Throughout history, U.S. political leaders have deployed Washington, D.C. as a space and a symbol of national unity, a site that embodies and displays key tenets of American democratic ideals. And yet, the historical record challenges such an easy or simplistic account. Instead, the origin story of the U.S. capital city is a microcosm of the nation and its contradictions. In this presentation, I detail how competing and contradictory narratives about race, nation, and American patriotism were foundational to the initial idea, creation, and construction of the “City of Washington” between 1783 – 1800 and offer several representative anecdotes of how the meaning and symbolism of the nation’s capital city was rhetorically constructed at key moments of political fissure and profound struggle over what the United States was, is, and should be.

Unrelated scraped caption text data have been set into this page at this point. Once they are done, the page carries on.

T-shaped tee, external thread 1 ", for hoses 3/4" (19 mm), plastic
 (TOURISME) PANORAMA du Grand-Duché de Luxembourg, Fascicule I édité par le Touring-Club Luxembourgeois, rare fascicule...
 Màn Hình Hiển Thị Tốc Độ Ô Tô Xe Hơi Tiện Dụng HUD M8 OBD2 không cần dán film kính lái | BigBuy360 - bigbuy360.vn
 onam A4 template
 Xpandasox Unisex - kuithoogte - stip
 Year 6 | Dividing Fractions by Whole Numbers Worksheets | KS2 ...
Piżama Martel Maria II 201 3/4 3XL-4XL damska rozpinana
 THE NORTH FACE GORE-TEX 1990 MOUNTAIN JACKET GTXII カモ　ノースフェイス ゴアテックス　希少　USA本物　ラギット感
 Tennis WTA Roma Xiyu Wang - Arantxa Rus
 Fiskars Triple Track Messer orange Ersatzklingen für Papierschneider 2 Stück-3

Dr. Allison M. Prasch is the Nancy Obin Sukenik Professor and Associate Professor of Rhetoric, Politics, and Culture in the Department of Communication Arts at the University of Wisconsin–Madison. She is the author of The World is Our Stage: The Global Rhetorical Presidency and the Cold War (University of Chicago Press, 2023) and the co-editor (with Sara L. McKinnon) of Reassessing Foreign Policy Rhetorics in a Global Era: Concepts and Case Studies (Michigan State University Press, 2024). Prof. Prasch’s scholarship has appeared in the field’s most prominent journals, including Quarterly Journal of Speech, Presidential Studies Quarterly, and Rhetoric & Public Affairs, and she is the recipient of numerous scholarly awards, including the 2024 Roderick P. Hart Outstanding Book Award from the Political Communication Division of the National Communication Association and the 2024 Outstanding Book Award from the American Studies Division of the National Communication Association. Professor Prasch also is the 2024 recipient of the Phi Beta Kappa (Alpha Chapter of Wisconsin) Excellence in Teaching Award. Her expert commentary and analysis has been featured in outlets such as National Public Radio, ABC News, the BBC, C-SPAN, Washington Post, Boston Globe, U.S. News & World Report, The Hill, The Conversation, and Wisconsin Public Radio.